Thread: Adding CORRESPONDING to Set Operations

Adding CORRESPONDING to Set Operations

From
Kerem Kat
Date:
Hello,

I am new to postgresql code, I would like to start implementing easyish TODO items. I have read most of the development guidelines, faqs, articles by Greg Smith (Hacking Postgres with UDFs, Adding WHEN to triggers).

The item I would like to implement is adding CORRESPONDING [BY (col1[,col2,...]])] to INTERSECT and EXCEPT operators.

Can anyone comment on how much effort this item needs?


regards, kerem kat.

Re: Adding CORRESPONDING to Set Operations

From
Kerem Kat
Date:
Is it feasible to implement the CORRESPONDING [BY (expr_list)] statement in set operations by the following changes:

i) In analyze.c:transformSetOperationStmt after parsing left and right queries as subnodes to a set operation tree,
    a) CORRESPONDING: Find matching column targets from both statements, eliminate unmatching targets and proceed.
    b) CORRESPONDING BY (expr_list): Verify expr_list columns exist in both select statements.

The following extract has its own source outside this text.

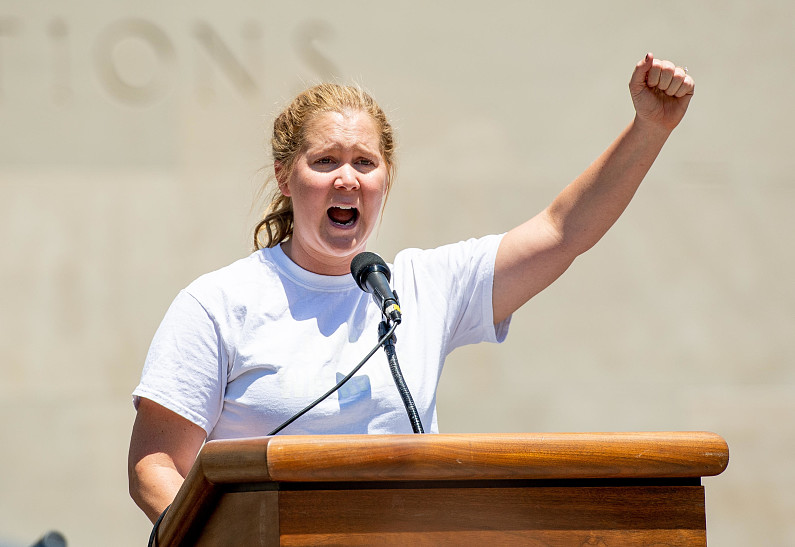 Эми Шумер и другие звёзды: 12 самых ярких объявлений о беременности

Eliminate unmatched column names to expr_list and proceed.
ii) Instead of elimination set TargetEntry->resjunk = true for unwanted output columns.

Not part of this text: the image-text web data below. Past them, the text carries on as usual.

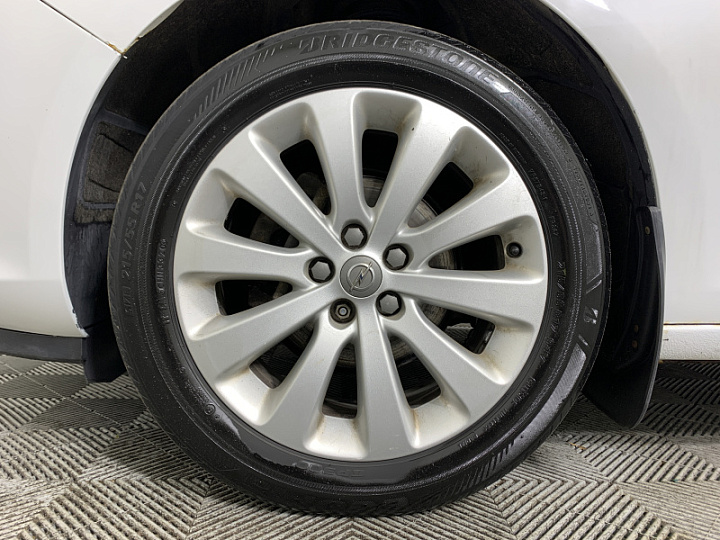 OPEL Astra 1.6, 2011 года, Механика, БЕЛЫЙ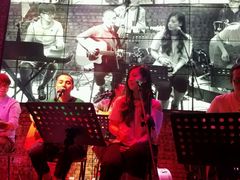 -胡桃里乐队酒馆(鎏嘉码头店)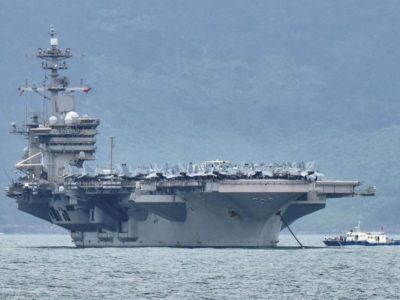 ВМС США евакуюють моряків з авіаносця, де лютує коронавірус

Thank you for your attention,
Any comments are welcome.

Kerem KAT

On Sun, Sep 18, 2011 at 12:39, Kerem Kat <keremkat@gmail.com> wrote:
Hello,

I am new to postgresql code, I would like to start implementing easyish TODO items. I have read most of the development guidelines, faqs, articles by Greg Smith (Hacking Postgres with UDFs, Adding WHEN to triggers).

The item I would like to implement is adding CORRESPONDING [BY (col1[,col2,...]])] to INTERSECT and EXCEPT operators.

Can anyone comment on how much effort this item needs?


regards, kerem kat.

Re: Adding CORRESPONDING to Set Operations

From
Robert Haas
Date:
On Sun, Sep 18, 2011 at 5:39 AM, Kerem Kat <keremkat@gmail.com> wrote:
> I am new to postgresql code, I would like to start implementing easyish TODO
> items. I have read most of the development guidelines, faqs, articles by
> Greg Smith (Hacking Postgres with UDFs, Adding WHEN to triggers).
> The item I would like to implement is adding CORRESPONDING [BY
> (col1[,col2,...]])] to INTERSECT and EXCEPT operators.
> Can anyone comment on how much effort this item needs?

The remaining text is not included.